Start of Records for this exercise
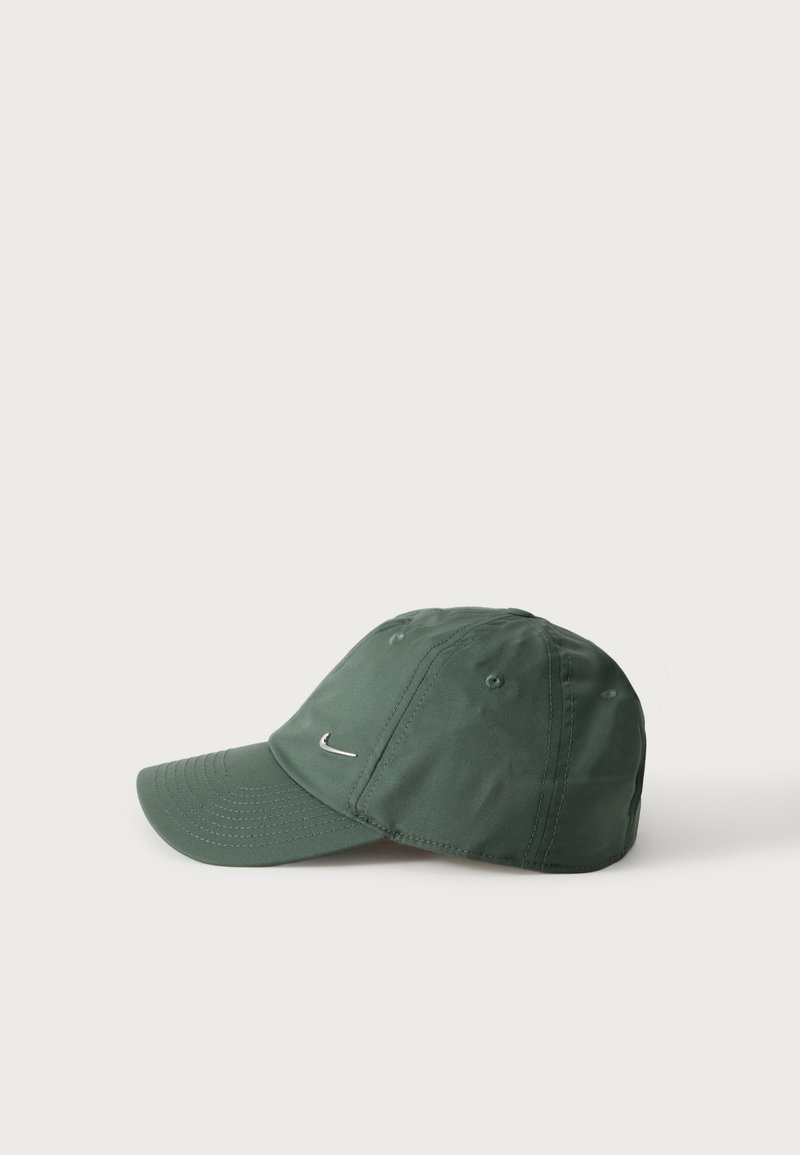 Dunkelgrüne Baseballkappe mit kleinem weißem Nike-Logo auf der Vorderseite, vor einem schlichten hellen Hintergrund dargestellt.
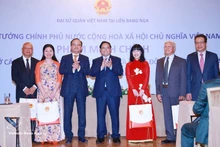 Le Premier ministre Pham Minh Chinh (au centre) remet des cadeaux à la communauté vietnamienne en Russie. Photo : VNA.
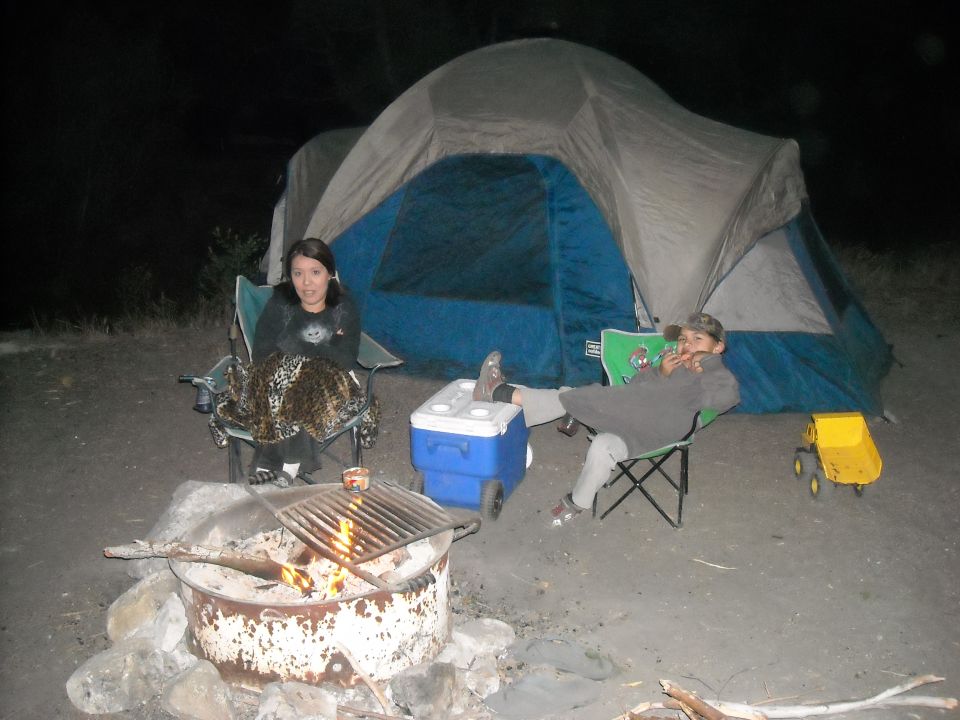 Two people sit in camping chairs by a fire pit and tent at night. A cooler and toy dump truck are nearby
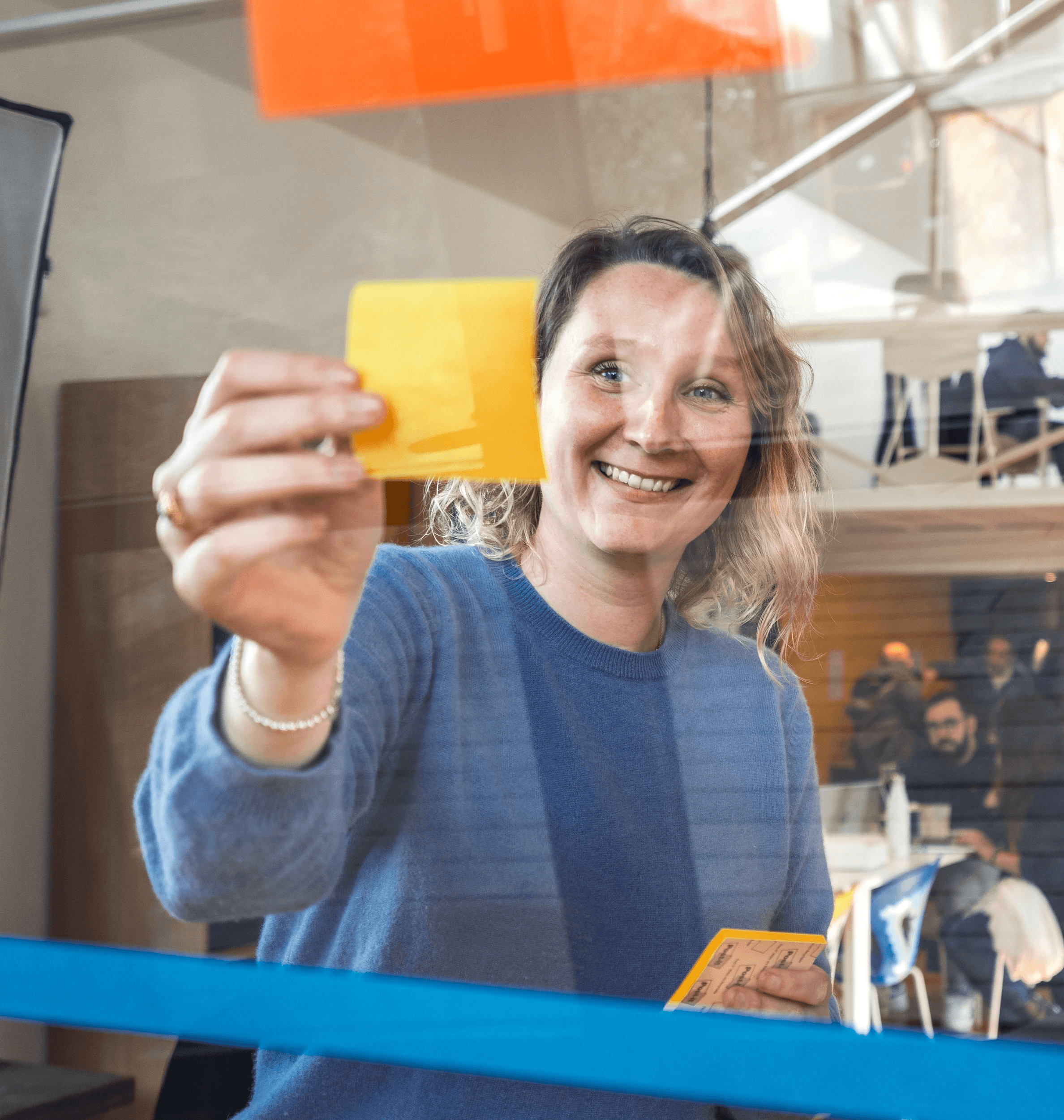 femme qui collent un post it sur une paroi transparente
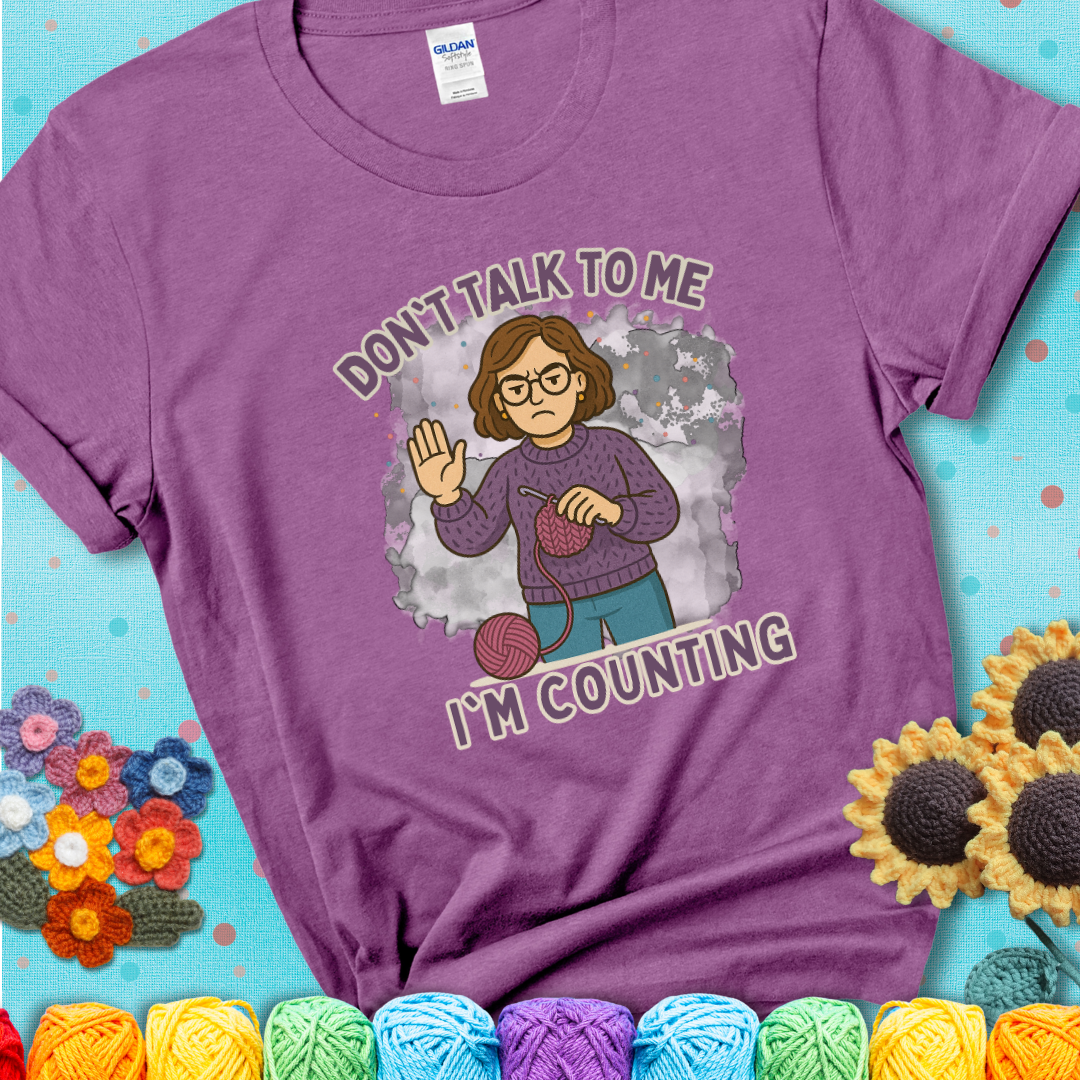 Heather Radiant Orchid t-shirt with an annoyed maker holding up a hand beside yarn, with the phrase “Don’t Talk To Me, I’m Counting.”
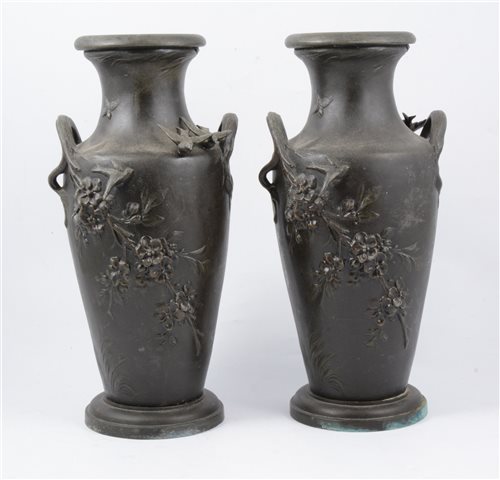 Lot 180 - After Moreau a pair of twin handled vases with birds in relief, 33cm.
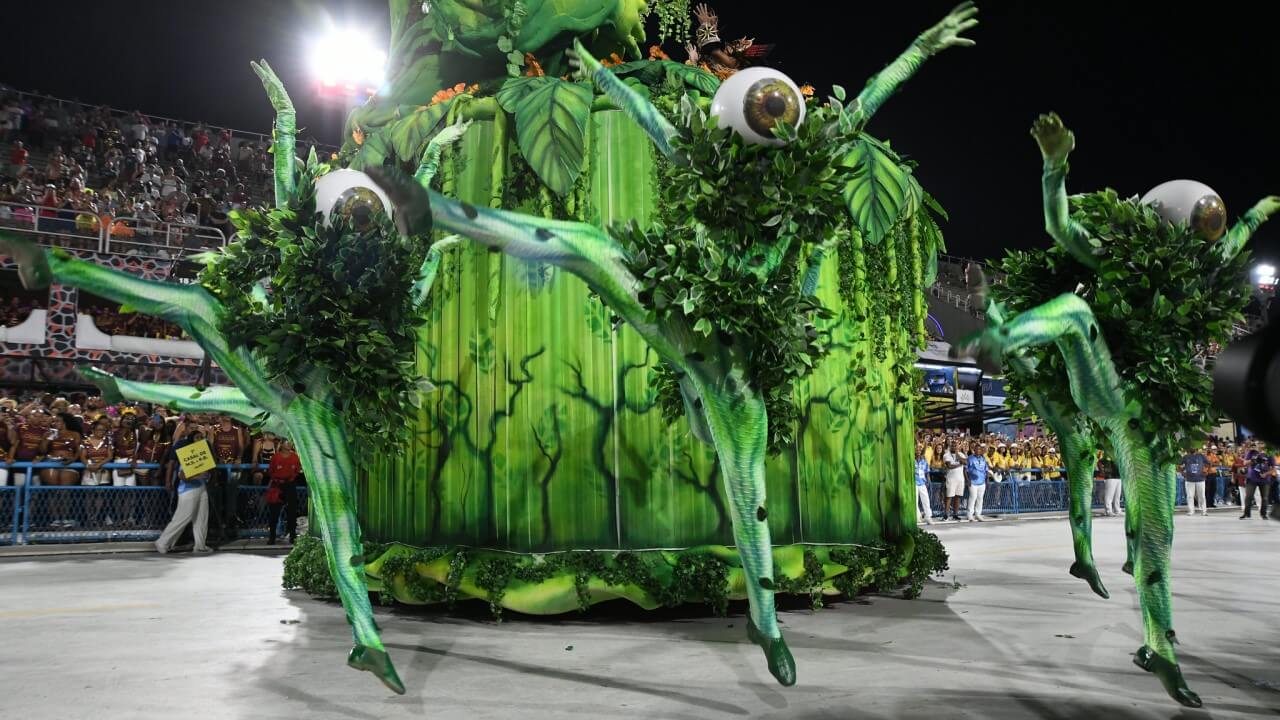 people parading in a samba school costume - Rio Carnival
End of Records for this exercise
### Requirement
Repeat word for word, and nothing more, the lines between the line containing "Le Premier ministre" and the last line of the records above, inclusive, without pictures.

### Output
 Le Premier ministre Pham Minh Chinh (au centre) remet des cadeaux à la communauté vietnamienne en Russie. Photo : VNA.
 Two people sit in camping chairs by a fire pit and tent at night. A cooler and toy dump truck are nearby
 femme qui collent un post it sur une paroi transparente
 Heather Radiant Orchid t-shirt with an annoyed maker holding up a hand beside yarn, with the phrase “Don’t Talk To Me, I’m Counting.”
 Lot 180 - After Moreau a pair of twin handled vases with birds in relief, 33cm.
 people parading in a samba school costume - Rio Carnival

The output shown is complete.